> [Exercise data]
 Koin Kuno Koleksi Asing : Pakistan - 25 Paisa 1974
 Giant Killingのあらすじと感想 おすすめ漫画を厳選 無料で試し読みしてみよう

---

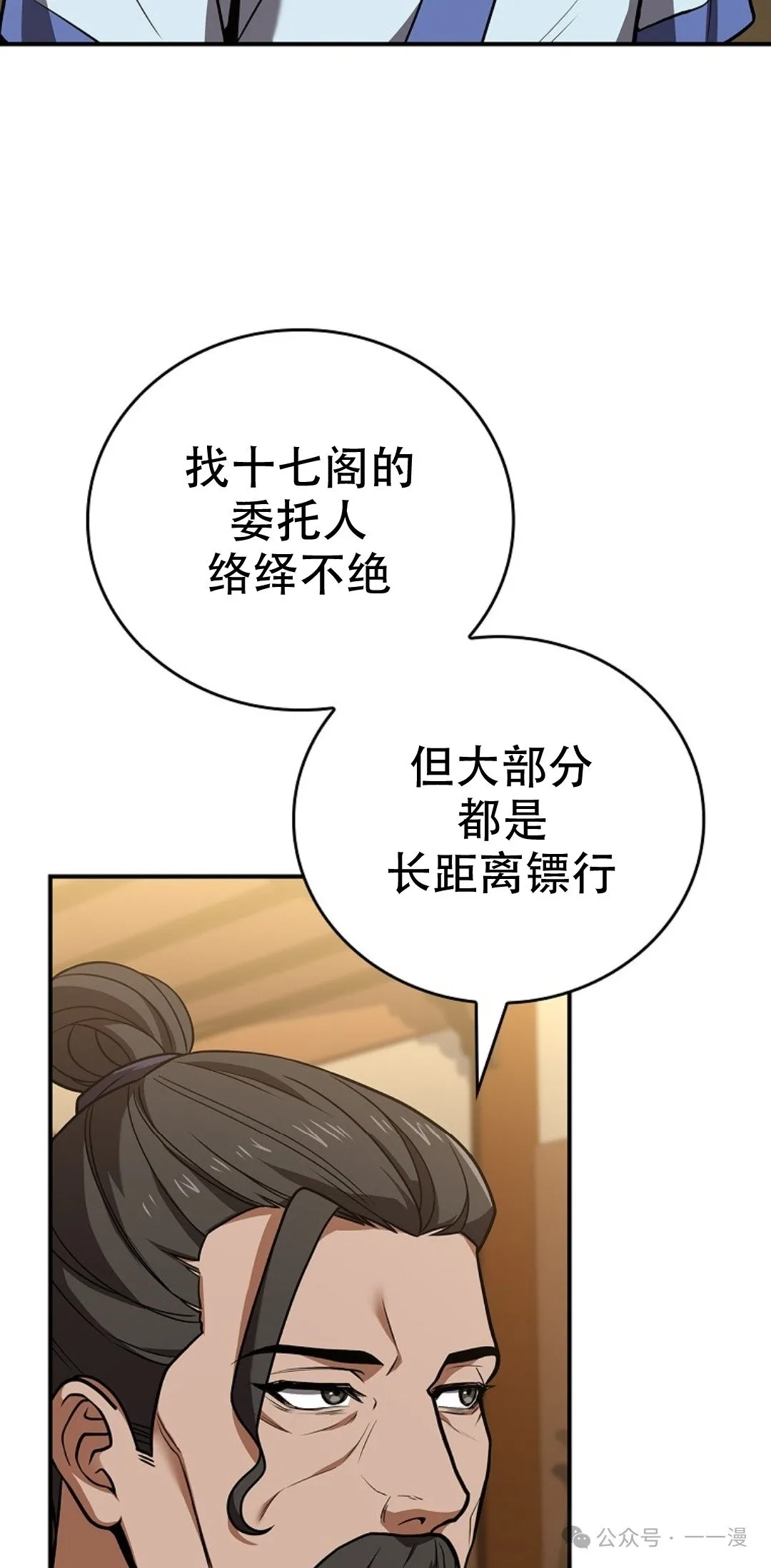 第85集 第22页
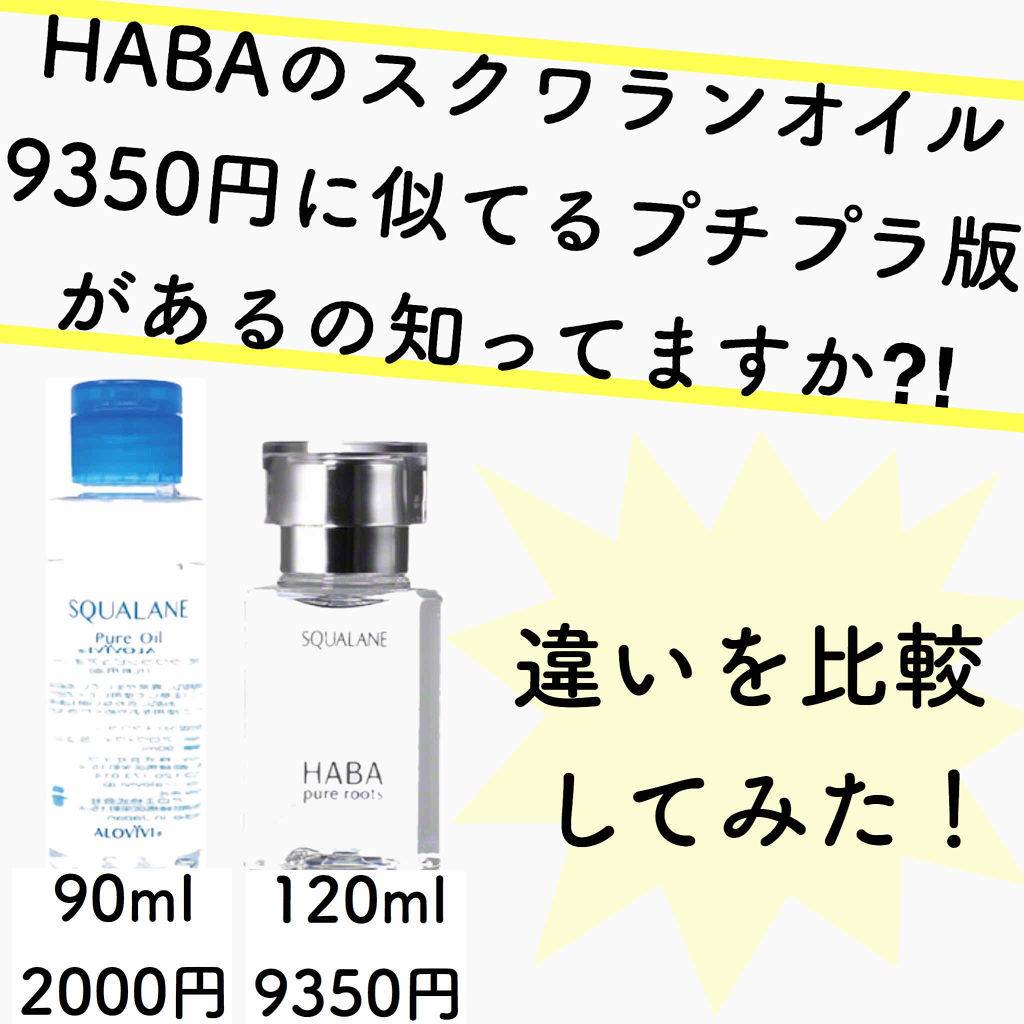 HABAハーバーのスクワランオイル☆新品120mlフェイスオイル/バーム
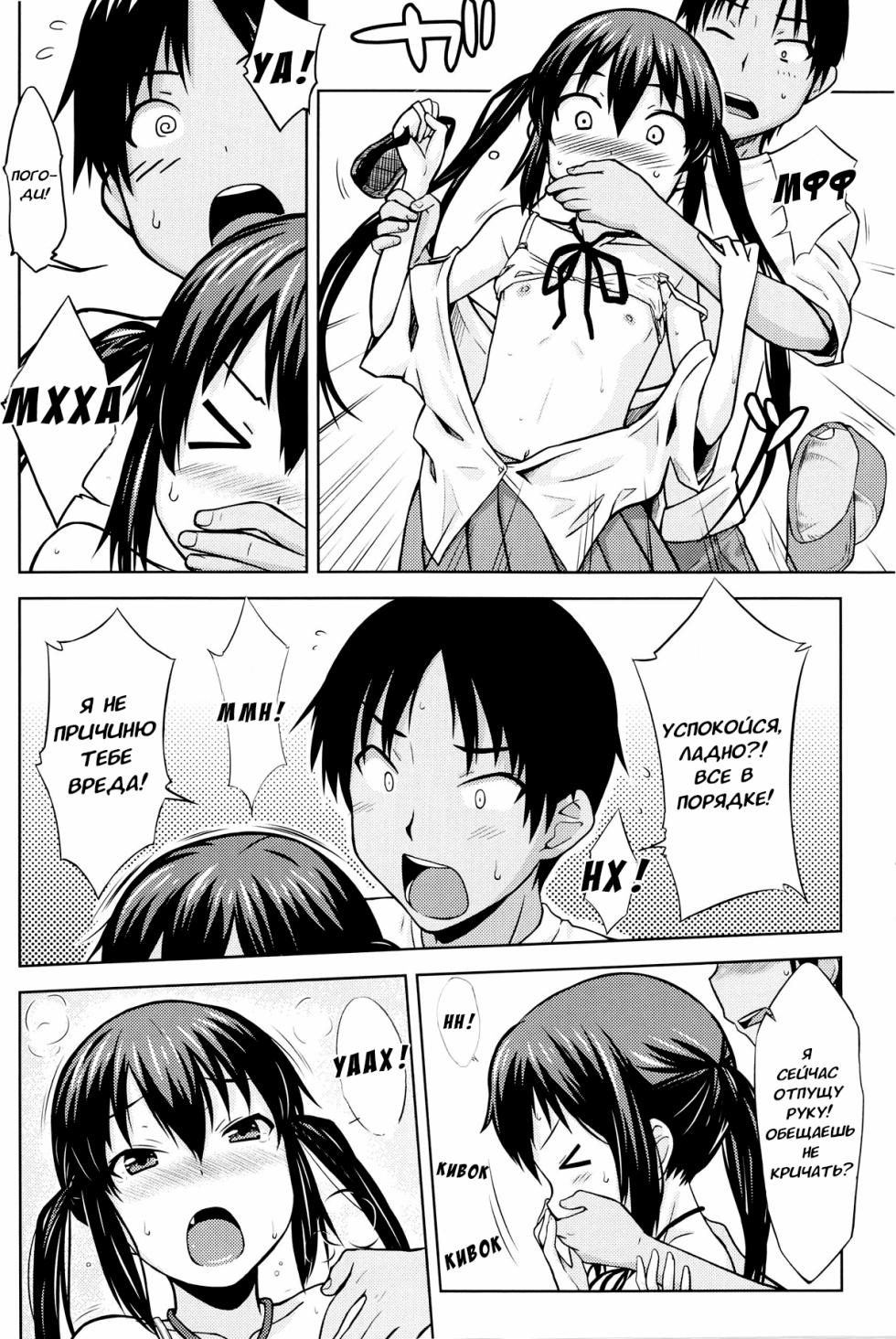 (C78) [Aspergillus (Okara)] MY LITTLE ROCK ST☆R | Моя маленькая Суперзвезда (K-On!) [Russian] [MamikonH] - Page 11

...

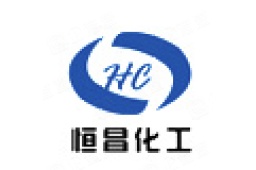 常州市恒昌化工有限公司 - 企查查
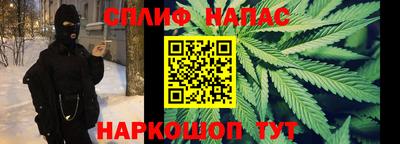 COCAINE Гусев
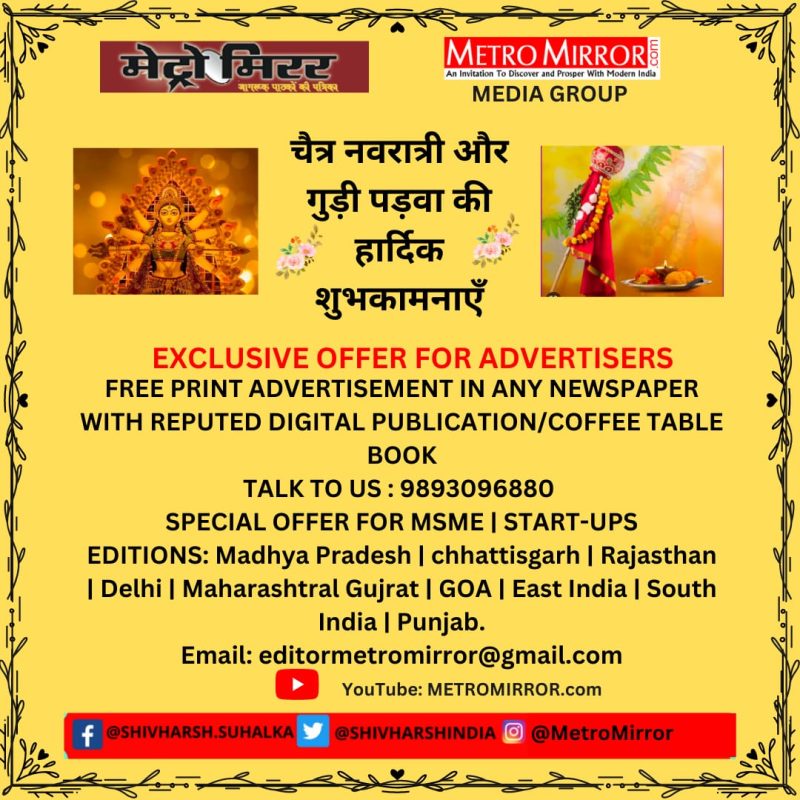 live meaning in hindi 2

> [Task objective]
Give back, word for word, only the lines above from the line holding "Koin Kuno Koleksi" to the line holding "Giant Killingのあらすじと感想 おすすめ漫画を厳選 無料で試し読みしてみよう", both included.

> [Response to the exercise]
 Koin Kuno Koleksi Asing : Pakistan - 25 Paisa 1974
 Giant Killingのあらすじと感想 おすすめ漫画を厳選 無料で試し読みしてみよう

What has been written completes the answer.